Before we begin…
With the Game Design with Kodu course beginning on this Monday, March 1st I thought it was time to outline how we intend this course to work….
The course will be facilitated by myself and Martin Jorgensen. It will run for five weeks and the outline of the curriculum is on the overview page. Each week will consist of delivered content through text, readings, videos and required tasks posted on Monday morning each week but the delivered content is only part of the picture and we expect all participants will contribute knowledge and ideas. The course design has been highly influenced by the work of Stephen Downes and George Siemens and the desire “that the knowledge in this course emerges as a result of the connections among the [participants] … and is not some ‘content’ shoveled from experts to recipients”
Open to everyone
This course is free and open to anyone. We hope that young people will be involved in the course and therefore we request that appropriate language is used at all times. Thanks!
Interaction is required
The course is designed to enable the course participants to share their learning and discoveries and build upon the learning and ideas of others. To achieve this users are expected to interact by posting reflections, responding to others, sharing content including games designed and developed. Although we will try to present a wide variety of information, ideas and material we know that there is other material in other places that will benefit the course and we hope that this will be unearthed during the course. We hope that participants will share content from other sources and introduce ideas from outside of the course.
We also hope that participants will tailor this course to their own needs and their own situation, that participants will feel free to pursue their unique interests, including modifying and creating their own tasks. When and if this happens we expect that this will greatly increase the knowledge about game design and development using Kodu Game Lab. We don’t expect that everyone will be doing the same thing at the same time, rather we expect that course participants will orgainise and control their own learning while still sharing what they are learning.
But feel free to not use this site
Everything you will need to participate in this course, besides a computer capable of running Kodu (sorry, you need to provide this yourself) is provided on this site. All participants have a space to post ideas, reflections and other material, to share links, updates and games but we understand you may have your own blog which you prefer to use. If you do have your own online space then that is great, but please let us know (via the settings page) the url of your blog so that we can aggregate the content that is produced outside of the course site and share it with other participants. You can also do this with your twitter and delicious accounts although your accounts must be public for us to aggregate.
The other method of communication will be the newsletter, which will be sent out periodically containing course updates.
The settings link in the right menu can be used to set your blog url, twitter account, delicious account and email address for the newsletter. If there is a website you use that is not listed and would like content aggregated please let us know and we will endeavour to make it available.

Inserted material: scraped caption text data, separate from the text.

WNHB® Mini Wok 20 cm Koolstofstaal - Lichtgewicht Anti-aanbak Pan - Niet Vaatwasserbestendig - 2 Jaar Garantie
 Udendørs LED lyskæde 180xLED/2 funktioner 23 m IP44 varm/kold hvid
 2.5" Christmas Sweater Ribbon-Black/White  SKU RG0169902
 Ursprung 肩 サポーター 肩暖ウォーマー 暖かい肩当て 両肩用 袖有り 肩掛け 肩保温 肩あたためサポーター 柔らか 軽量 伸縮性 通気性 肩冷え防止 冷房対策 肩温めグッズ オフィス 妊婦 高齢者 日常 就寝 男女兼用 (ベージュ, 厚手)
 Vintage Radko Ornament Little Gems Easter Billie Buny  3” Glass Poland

We know everything you create outside of course won’t be about Game Design and Kodu Game Lab, so we suggest specifying a tag or category and using it to identify the content of the course. #koducourse may be a good tag to use! Of course, if you plan to post on this course site then you don’t need to worry about this.
Why are we running this course?
Firstly, we are passionate about programming and game development and believe that Kodu Game Lab offers a powerful but highly accessible way to make interesting and enjoyable games. We’d love to see more games created and shared using Kodu Game Lab and we hope that this course will result in greater use and higher quality games. Secondly, we’re very interested in how online learning takes place and we are interested in understanding how a connectivist approach can be used for scalable online self directed/networked learning. This is our first course using this format but we plan others in the coming months.
A final note: The software that we’re are developing to manage this course will be made available under a GPL license when it is stable.